# Meta learning with word2vec

The idea of this notebook is to use Word2Vec in recommendations for MovieLens dataset.

In [None]:
!pip install -q matplotlib
!pip install -q pandas
!pip install -q numpy
!pip install -q gensim 

In [None]:
import numpy as np
import pandas as pd
import matplotlib
%matplotlib inline

In [None]:
from io import BytesIO
from zipfile import ZipFile
from urllib.request import urlopen

resp = urlopen("http://files.grouplens.org/datasets/movielens/ml-100k.zip")
zipfile = ZipFile(BytesIO(resp.read()))
file = 'ml-100k/u.data'
df = pd.read_csv(zipfile.open(file), low_memory=False, skiprows=[0], sep='\t', names=['user', 'item', 'rate', 'time'])
df.head()

First we'll get the data and sort by time. The reason of sorting by time is due to the fact that we need the movies that each user saw in chronological order. We also filter movies with ranking above of 3.

In [None]:
# np.random.seed(42)
# # split data into train and test set
# msk = np.random.rand(len(df)) < 0.7
# df_train = df[msk]
# df_test = df[~msk]

df_train = df

df_train['time'] = pd.to_datetime(df_train['time'], unit='s')
df_train = df_train.sort_values(by='time')

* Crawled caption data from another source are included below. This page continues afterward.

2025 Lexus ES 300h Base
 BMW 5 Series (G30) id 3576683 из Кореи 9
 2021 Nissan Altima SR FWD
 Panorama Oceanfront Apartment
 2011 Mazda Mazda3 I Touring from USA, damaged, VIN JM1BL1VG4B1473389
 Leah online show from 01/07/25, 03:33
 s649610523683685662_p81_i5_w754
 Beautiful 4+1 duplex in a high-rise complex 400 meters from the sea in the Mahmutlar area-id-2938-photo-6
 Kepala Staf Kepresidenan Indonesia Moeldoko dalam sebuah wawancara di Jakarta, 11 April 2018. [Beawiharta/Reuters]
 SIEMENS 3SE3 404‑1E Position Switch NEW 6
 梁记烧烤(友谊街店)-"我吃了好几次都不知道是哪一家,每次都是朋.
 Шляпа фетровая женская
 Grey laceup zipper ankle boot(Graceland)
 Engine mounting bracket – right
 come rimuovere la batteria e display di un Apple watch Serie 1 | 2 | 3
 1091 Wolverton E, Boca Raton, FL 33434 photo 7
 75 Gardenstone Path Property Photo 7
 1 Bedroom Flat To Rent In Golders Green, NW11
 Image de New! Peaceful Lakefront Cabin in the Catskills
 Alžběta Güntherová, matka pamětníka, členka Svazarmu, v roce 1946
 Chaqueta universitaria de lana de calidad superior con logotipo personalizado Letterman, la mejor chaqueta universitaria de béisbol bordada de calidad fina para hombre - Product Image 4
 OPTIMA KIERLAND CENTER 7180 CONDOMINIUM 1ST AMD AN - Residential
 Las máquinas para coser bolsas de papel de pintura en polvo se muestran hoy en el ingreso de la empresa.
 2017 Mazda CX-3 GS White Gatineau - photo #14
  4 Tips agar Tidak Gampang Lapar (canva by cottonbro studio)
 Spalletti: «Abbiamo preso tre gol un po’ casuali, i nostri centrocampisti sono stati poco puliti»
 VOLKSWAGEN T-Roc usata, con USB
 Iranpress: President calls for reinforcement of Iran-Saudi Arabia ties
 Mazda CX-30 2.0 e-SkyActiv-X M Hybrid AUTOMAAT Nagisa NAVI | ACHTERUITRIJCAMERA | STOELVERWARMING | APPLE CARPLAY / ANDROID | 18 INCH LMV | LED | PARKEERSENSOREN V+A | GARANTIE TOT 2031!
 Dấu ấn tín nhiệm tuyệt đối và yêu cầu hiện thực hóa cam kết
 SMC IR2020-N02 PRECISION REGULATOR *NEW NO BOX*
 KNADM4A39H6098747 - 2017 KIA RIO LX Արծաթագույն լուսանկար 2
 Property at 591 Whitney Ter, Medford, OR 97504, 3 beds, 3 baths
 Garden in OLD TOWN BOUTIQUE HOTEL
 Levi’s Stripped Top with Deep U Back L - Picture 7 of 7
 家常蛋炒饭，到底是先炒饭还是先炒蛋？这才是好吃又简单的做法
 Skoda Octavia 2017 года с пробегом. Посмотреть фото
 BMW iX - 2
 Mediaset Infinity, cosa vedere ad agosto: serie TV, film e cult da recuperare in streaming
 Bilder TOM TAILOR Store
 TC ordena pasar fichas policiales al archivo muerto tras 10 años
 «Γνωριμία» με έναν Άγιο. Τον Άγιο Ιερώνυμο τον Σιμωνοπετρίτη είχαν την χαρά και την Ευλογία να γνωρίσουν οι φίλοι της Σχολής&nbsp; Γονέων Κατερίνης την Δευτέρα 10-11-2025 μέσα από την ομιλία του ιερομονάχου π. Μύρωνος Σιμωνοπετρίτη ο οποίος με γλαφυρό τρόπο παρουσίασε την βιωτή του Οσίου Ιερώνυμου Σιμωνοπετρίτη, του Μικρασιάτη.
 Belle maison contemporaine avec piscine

df_train = df_train[df_train['rate'] > 3]
df_train.head()

We will get the movie features, see the description in http://files.grouplens.org/datasets/movielens/ml-100k-README.txt

In [None]:
names = ['item', 'movie title', 'release date', 'video release date',
              'IMDb URL', 'unknown', 'Action', 'Adventure', 'Animation',
              'Children', 'Comedy', 'Crime', 'Documentary', 'Drama', 'Fantasy',
              'Film-Noir', 'Horror', 'Musical', 'Mystery', 'Romance', 'Sci-Fi',
              'Thriller', 'War', 'Western' ]

file_item = 'ml-100k/u.item'

df_items = pd.read_csv(zipfile.open(file_item), names= names, sep='|', encoding = 'ISO-8859-1')



In [None]:
df_items = df_items.filter(['item', 'movie title', 'Action', 'Adventure', 'Animation',
              'Children', 'Comedy', 'Crime', 'Documentary', 'Drama', 'Fantasy',
              'Film-Noir', 'Horror', 'Musical', 'Mystery', 'Romance', 'Sci-Fi',
              'Thriller', 'War', 'Western'])
display(df_items.head())

We merge the training dataset in order to have items with genre. We look at all the items watched by user '914'.

In [None]:
df_train_extended = pd.merge(df_train, df_items, on='item')


display(df_train_extended[df_train_extended['user'] == 914])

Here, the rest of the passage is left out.